* Exercise instructions *
Copy out exactly, from the entries that follow, the line holding "2.5 oz. Naturally", the line holding "Детский свитшот Кот", and all lines between them, but no pictures.

* Data records *
=== Section Start ===

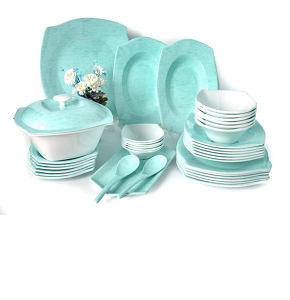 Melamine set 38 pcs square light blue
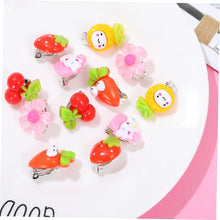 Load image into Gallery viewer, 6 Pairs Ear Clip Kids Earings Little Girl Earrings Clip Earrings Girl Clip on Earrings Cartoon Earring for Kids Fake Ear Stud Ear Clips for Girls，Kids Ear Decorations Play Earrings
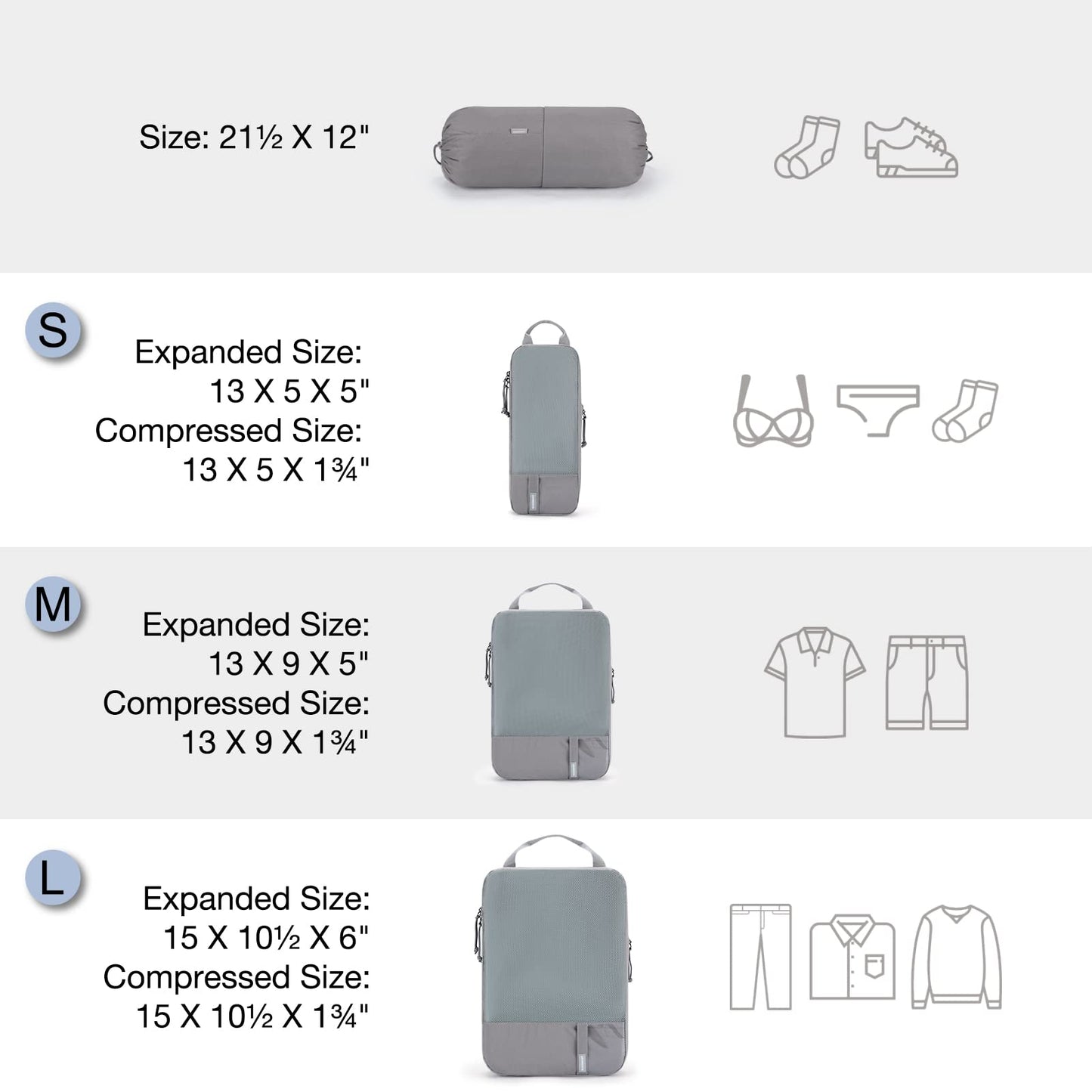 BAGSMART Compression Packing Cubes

=== Section End ===
=== Section Start ===

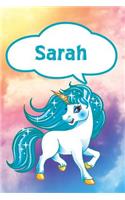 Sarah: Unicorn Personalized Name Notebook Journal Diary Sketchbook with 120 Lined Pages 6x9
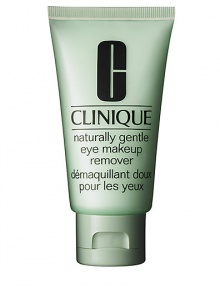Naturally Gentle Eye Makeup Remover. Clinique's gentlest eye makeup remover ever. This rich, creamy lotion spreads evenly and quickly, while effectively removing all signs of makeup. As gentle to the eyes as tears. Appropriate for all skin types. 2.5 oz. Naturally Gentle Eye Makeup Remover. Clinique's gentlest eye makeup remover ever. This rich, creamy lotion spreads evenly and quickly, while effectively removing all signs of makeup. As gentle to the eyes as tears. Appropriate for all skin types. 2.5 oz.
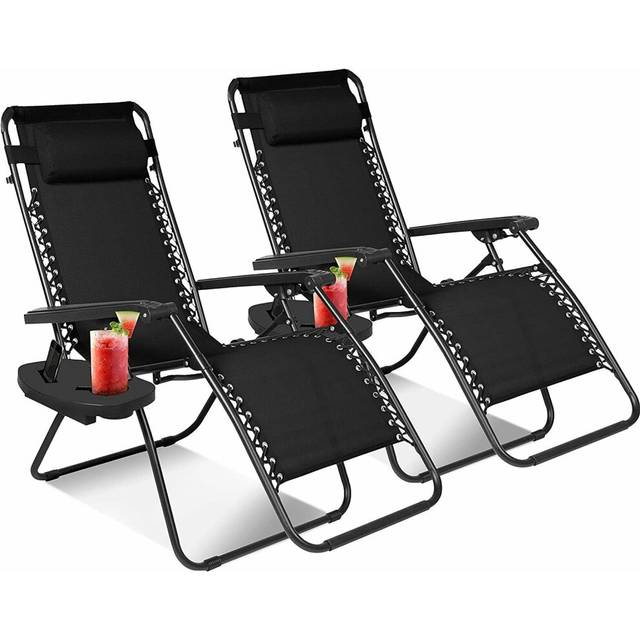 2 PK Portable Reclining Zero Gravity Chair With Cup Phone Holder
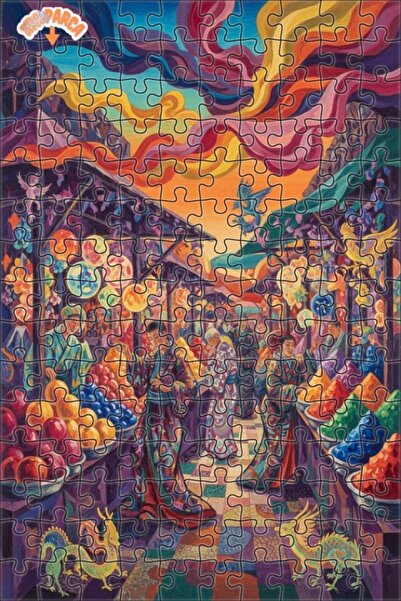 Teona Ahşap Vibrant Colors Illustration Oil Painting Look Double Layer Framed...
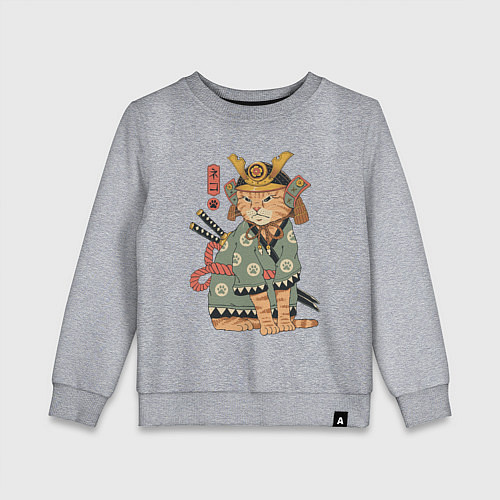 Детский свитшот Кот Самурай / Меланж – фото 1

=== Section End ===

* The answer *
Naturally Gentle Eye Makeup Remover. Clinique's gentlest eye makeup remover ever. This rich, creamy lotion spreads evenly and quickly, while effectively removing all signs of makeup. As gentle to the eyes as tears. Appropriate for all skin types. 2.5 oz. Naturally Gentle Eye Makeup Remover. Clinique's gentlest eye makeup remover ever. This rich, creamy lotion spreads evenly and quickly, while effectively removing all signs of makeup. As gentle to the eyes as tears. Appropriate for all skin types. 2.5 oz.
 2 PK Portable Reclining Zero Gravity Chair With Cup Phone Holder
 Teona Ahşap Vibrant Colors Illustration Oil Painting Look Double Layer Framed...
 Детский свитшот Кот Самурай / Меланж – фото 1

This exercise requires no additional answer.